== EXERCISE GOAL ==
Copy exactly the lines from the one containing "Phone use in toilet health risks 2025" through the last line of the records below, both included, and leave out the pictures.
*** DATASET Section Begins ***
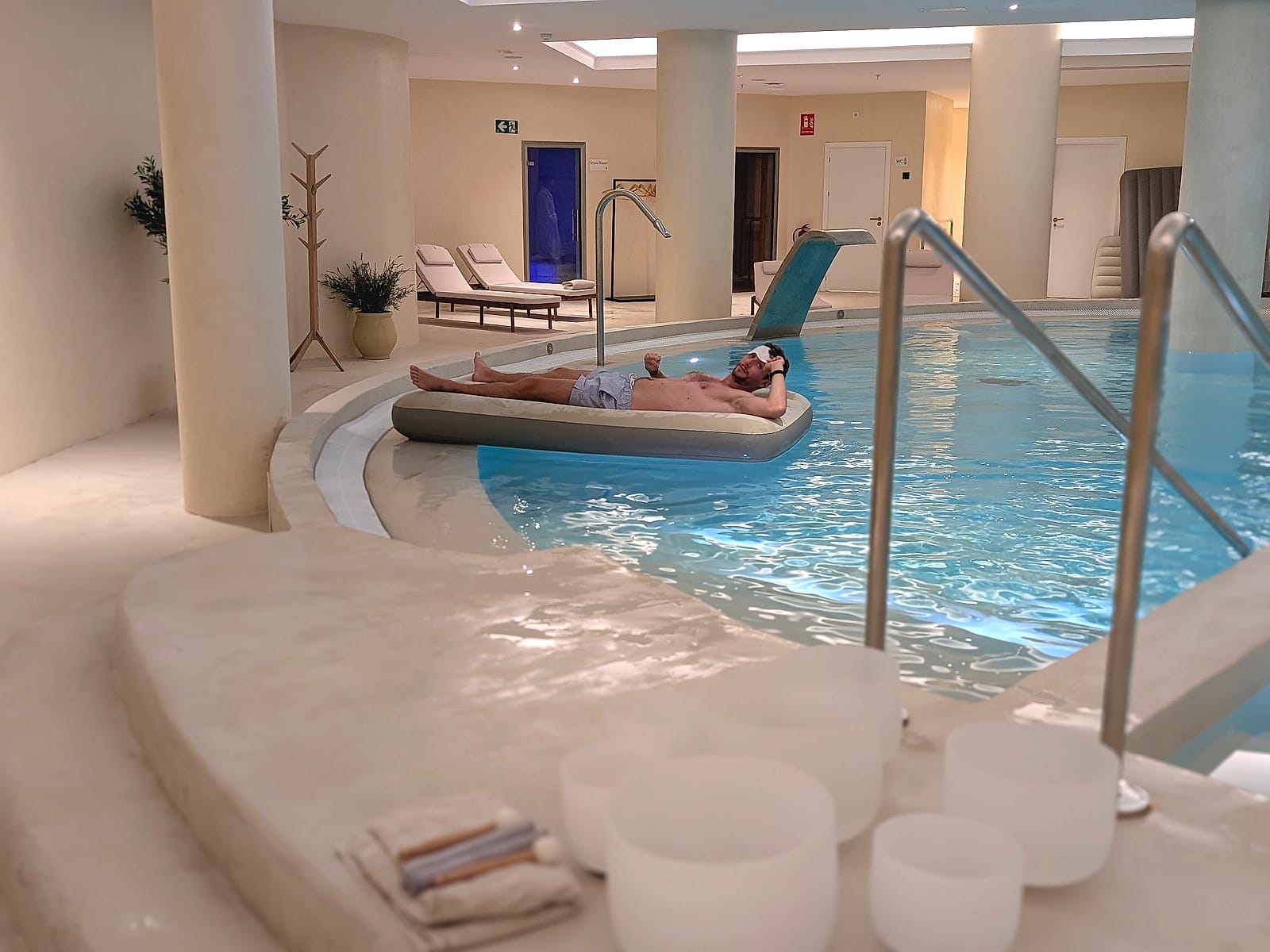 Cuencos de cuarzo junto a la piscina interior del Pontiana Thalasso y Javier Sobrino flotando en una colchoneta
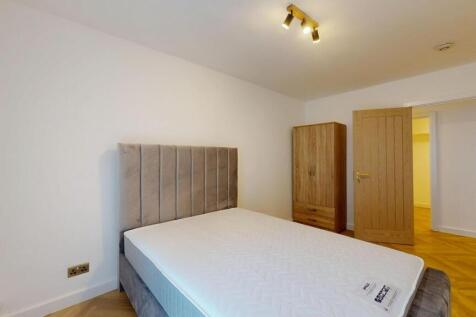 A modern double bedroom featuring a plush grey ...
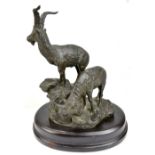 IN THE MANNER OF JULES MOIGNIEZ; an early/mid-20th century bronze figure group depicting two rams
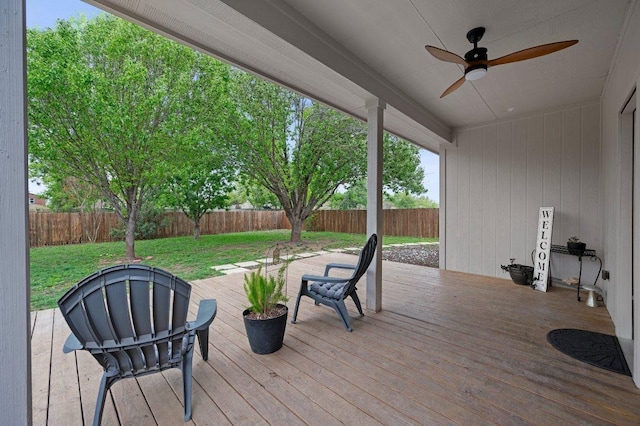 wooden deck featuring a fenced backyard, a yard, and a ceiling fan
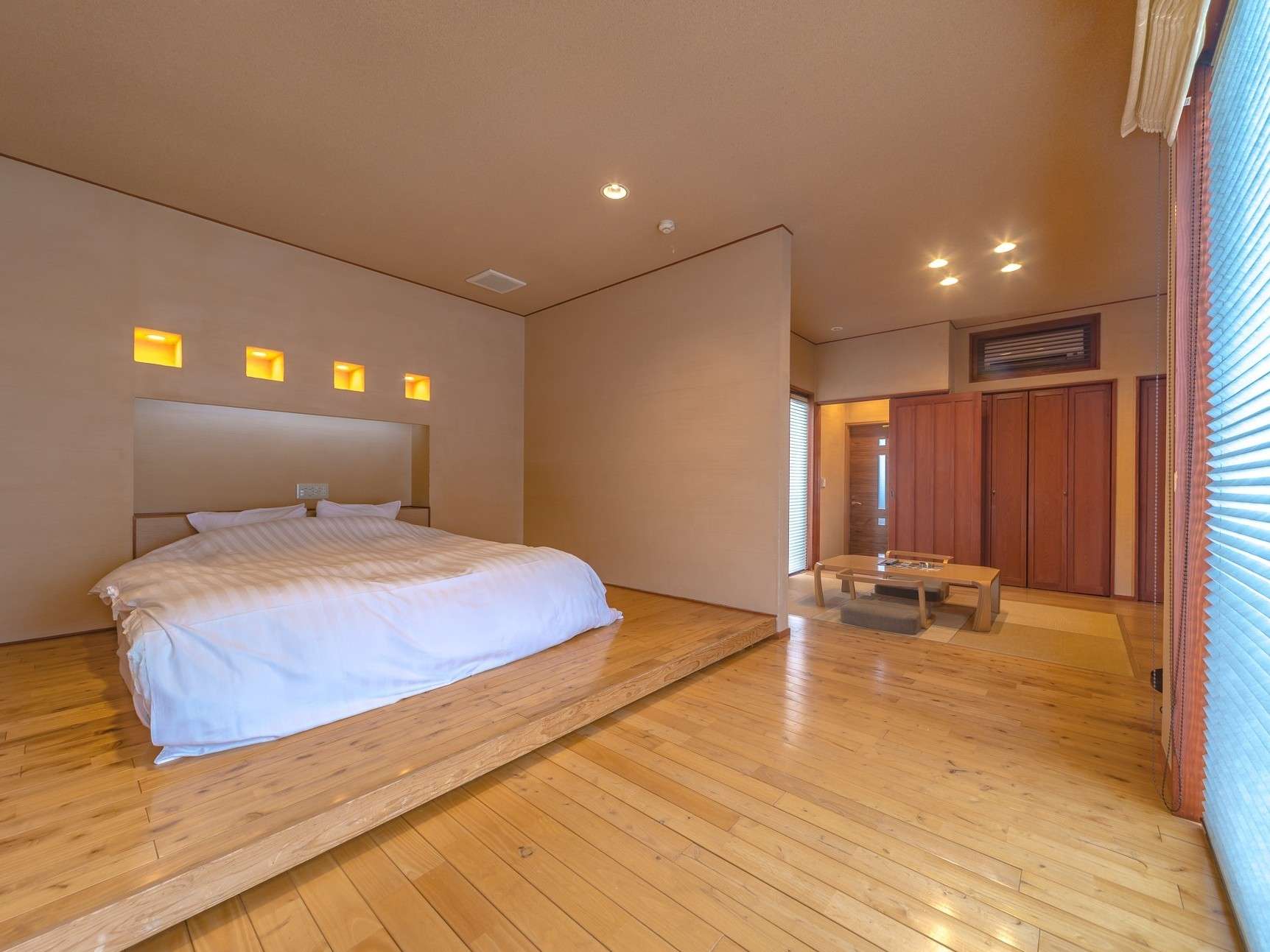 Premium guest room at Yuhri with wide bed, indirect accent lighting and wooden floors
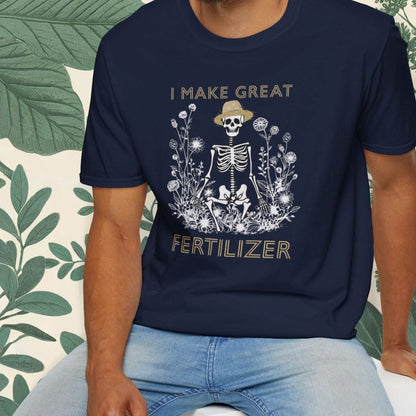 Man wearing a navy blue t-shirt with a skeleton graphic and text, sitting on a white stool with a green leafy background.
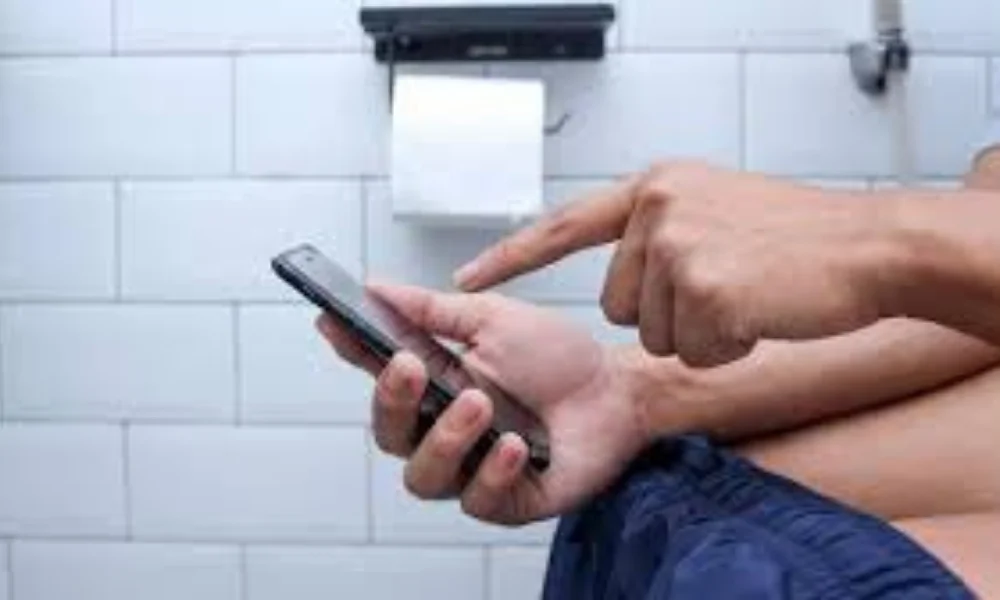 Phone use in toilet health risks 2025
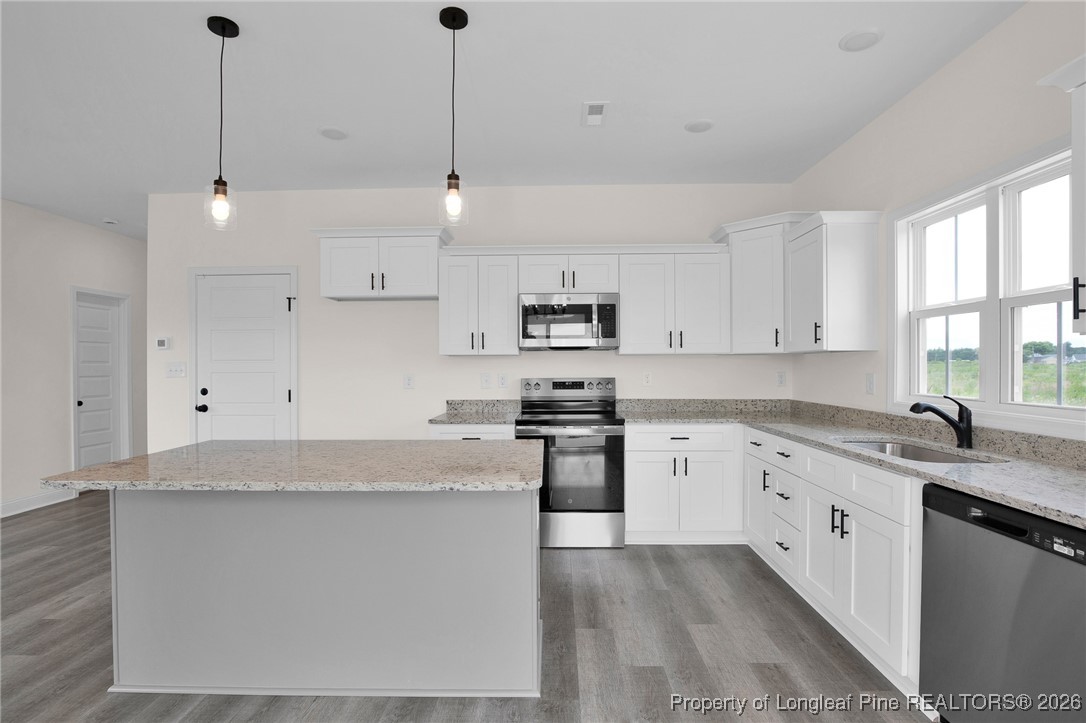 253 Barberry Road Raeford, NC 28376 - Photo 10 of 31 a kitchen with stainless steel appliances granite countertop a sink a stove a refrigerator and white cabinets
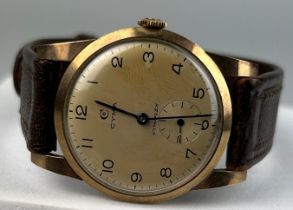 A CYMA CYMAFLEX ROLLED GOLD GENTLEMAN'S WRISTWATCH, With brown leather strap.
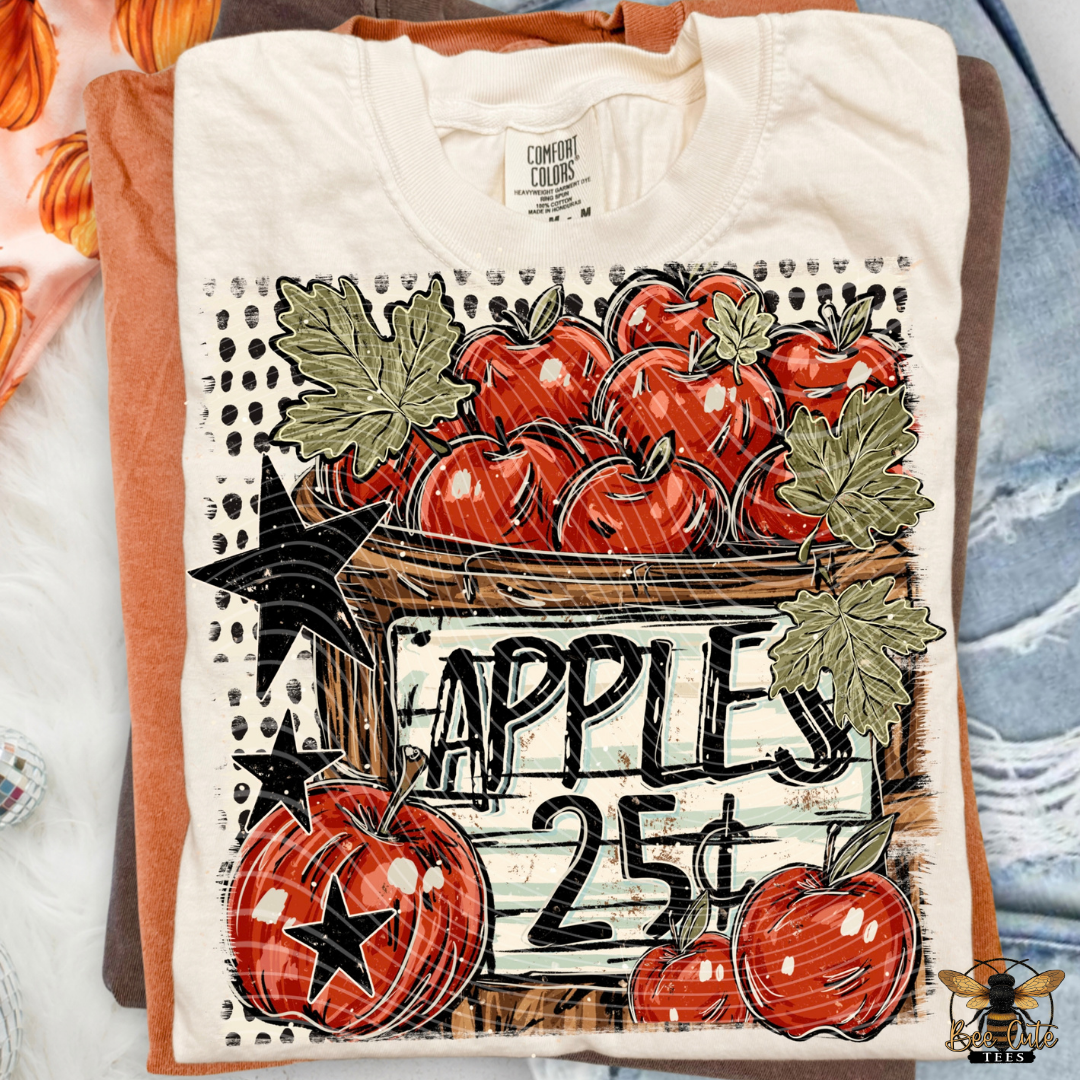 A folded cream-colored t-shirt with a vintage-style autumn apple graphic, displayed on top of orange and blue shirts. The graphic features red apples, green leaves, black stars, and a wooden crate sign reading 'APPLES 25¢'.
*** DATASET Section Ends ***
== SOLUTION TO THE EXERCISE ==
 Phone use in toilet health risks 2025
 253 Barberry Road Raeford, NC 28376 - Photo 10 of 31 a kitchen with stainless steel appliances granite countertop a sink a stove a refrigerator and white cabinets
 A CYMA CYMAFLEX ROLLED GOLD GENTLEMAN'S WRISTWATCH, With brown leather strap.
 A folded cream-colored t-shirt with a vintage-style autumn apple graphic, displayed on top of orange and blue shirts. The graphic features red apples, green leaves, black stars, and a wooden crate sign reading 'APPLES 25¢'.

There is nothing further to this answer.